[Start of Attachment]
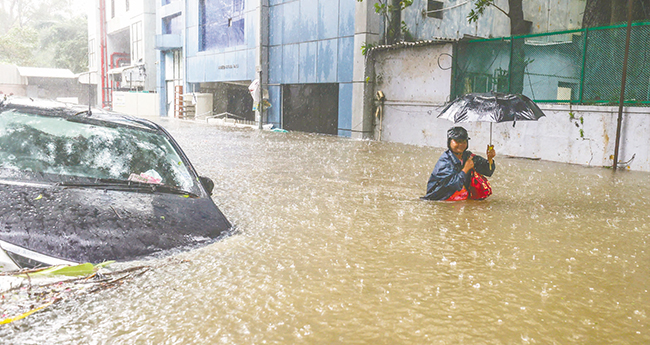 ക​ന​ത്ത മ​ഴ​യി​ൽ വെ​ള്ള​ക്കെ​ട്ട് രൂ​പ​പ്പെ​ട്ട ചെ​ന്നൈ ന​ഗ​ര​ത്തി​ൽ​നി​ന്ന് സു​ര​ക്ഷി​ത താ​വ​ള​ത്തി​ലേ​ക്ക് പോ​കു​ന്ന സ്ത്രീ.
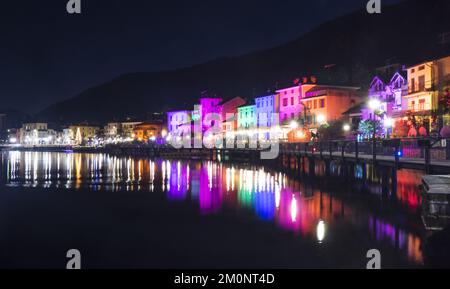 Porto Ceresio, Italien: 12-25-2021: Häuser beleuchtet durch Scheinwerfer in der Weihnachtsnacht, durch farbige Lichter, die auf das Wasser des Luga-Sees reflektieren Stockfoto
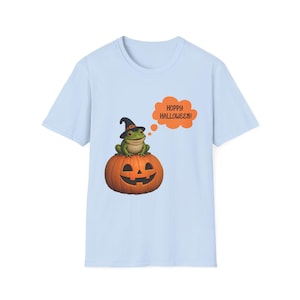 Puede incluir: Una camiseta azul claro con un gráfico de una rana verde con un sombrero de bruja negro, sentada sobre una calabaza naranja. Un globo de texto naranja junto a la rana contiene el texto en negro, HOPPY HALLOWEEN!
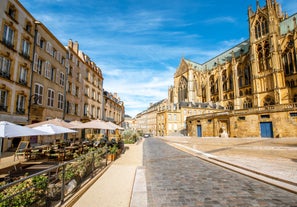 Photo of Metz city view of Petit Saulcy an Temple Neuf and Moselle River in Summer, France.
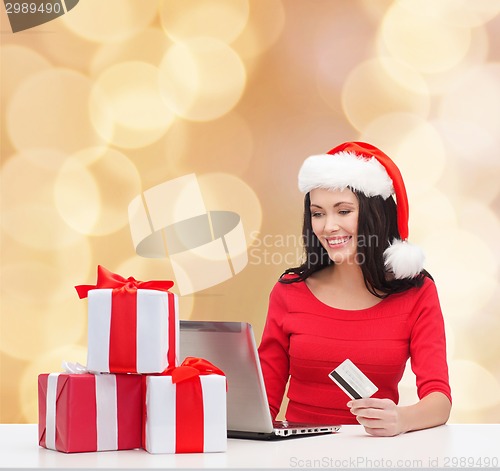 Image of smiling woman with gifts, laptop and credit card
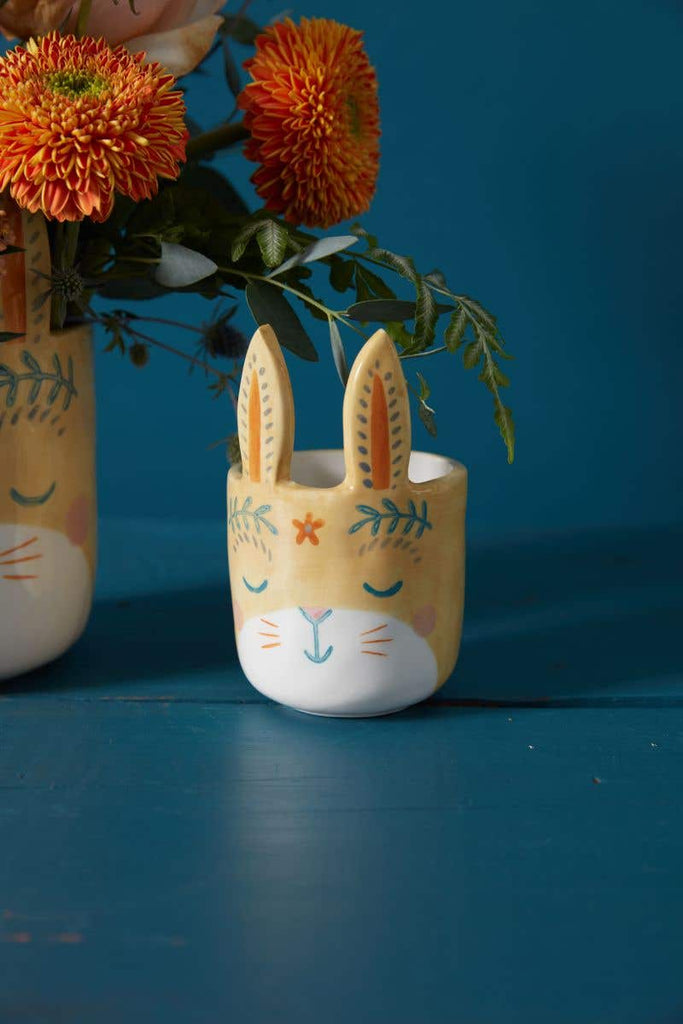Small Frolic Bunny Pot in yellow with flowers and blue background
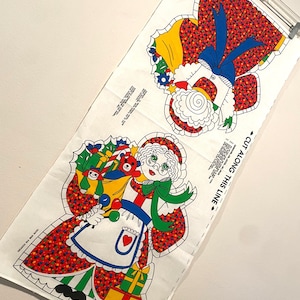 May include: A handmade wooden sign with the text "Welcome to our home" in a handwritten style. The sign is painted white with a dark stained wooden frame. The sign measures approximately 12 inches wide and 8 inches tall.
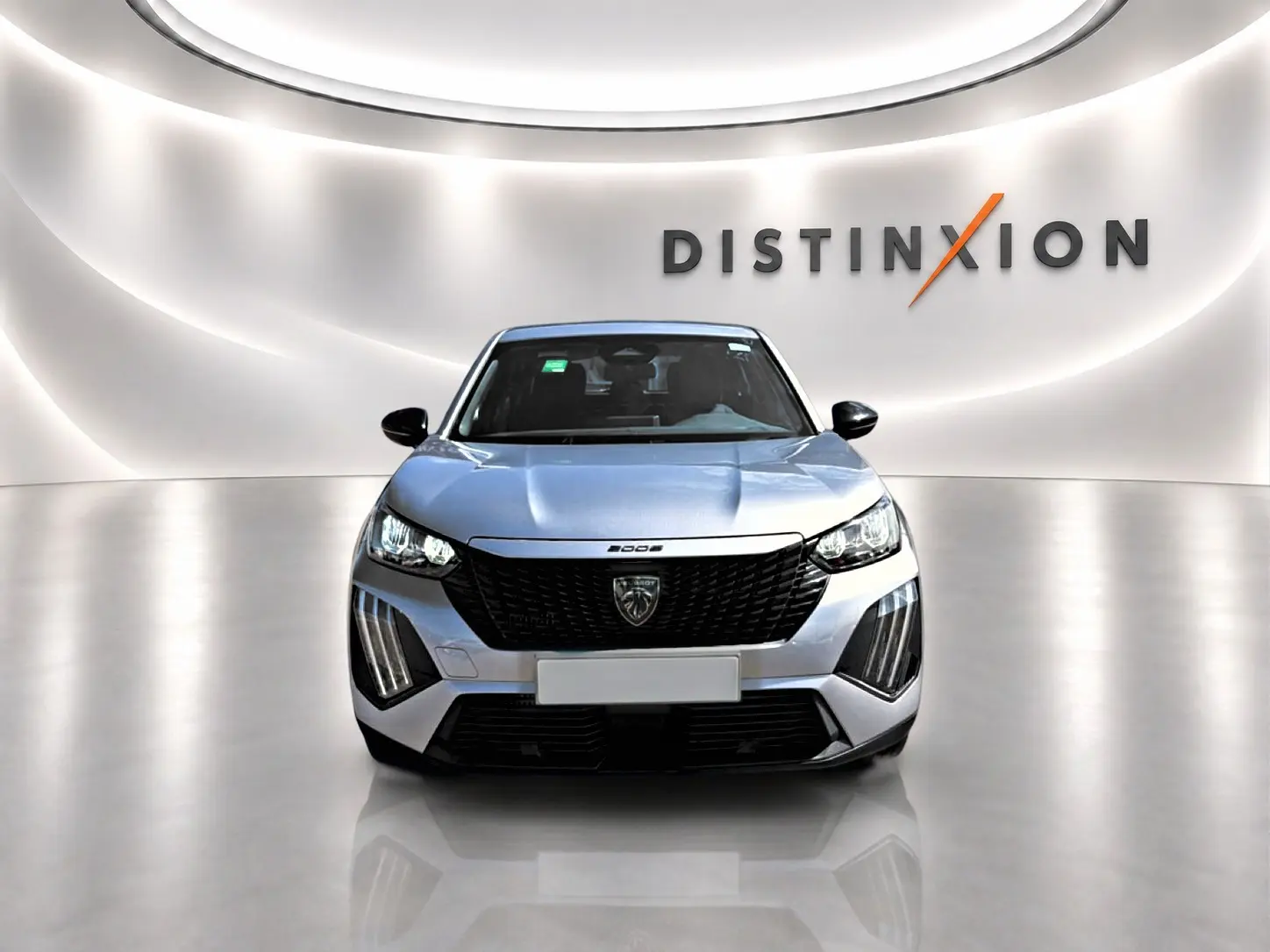 Vue frontale d'un Peugeot 2008 gris 2025 avec calandre noire et phares LED, dans un showroom lumineux.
[End of Attachment]
Work instruction -
Quote, exactly and only, the lines from the first line of the data above through the line containing "Porto Ceresio, Italien: 12-25-2021: Häuser". The pictures do not belong in it.

Result below -
 ക​ന​ത്ത മ​ഴ​യി​ൽ വെ​ള്ള​ക്കെ​ട്ട് രൂ​പ​പ്പെ​ട്ട ചെ​ന്നൈ ന​ഗ​ര​ത്തി​ൽ​നി​ന്ന് സു​ര​ക്ഷി​ത താ​വ​ള​ത്തി​ലേ​ക്ക് പോ​കു​ന്ന സ്ത്രീ.
 Porto Ceresio, Italien: 12-25-2021: Häuser beleuchtet durch Scheinwerfer in der Weihnachtsnacht, durch farbige Lichter, die auf das Wasser des Luga-Sees reflektieren Stockfoto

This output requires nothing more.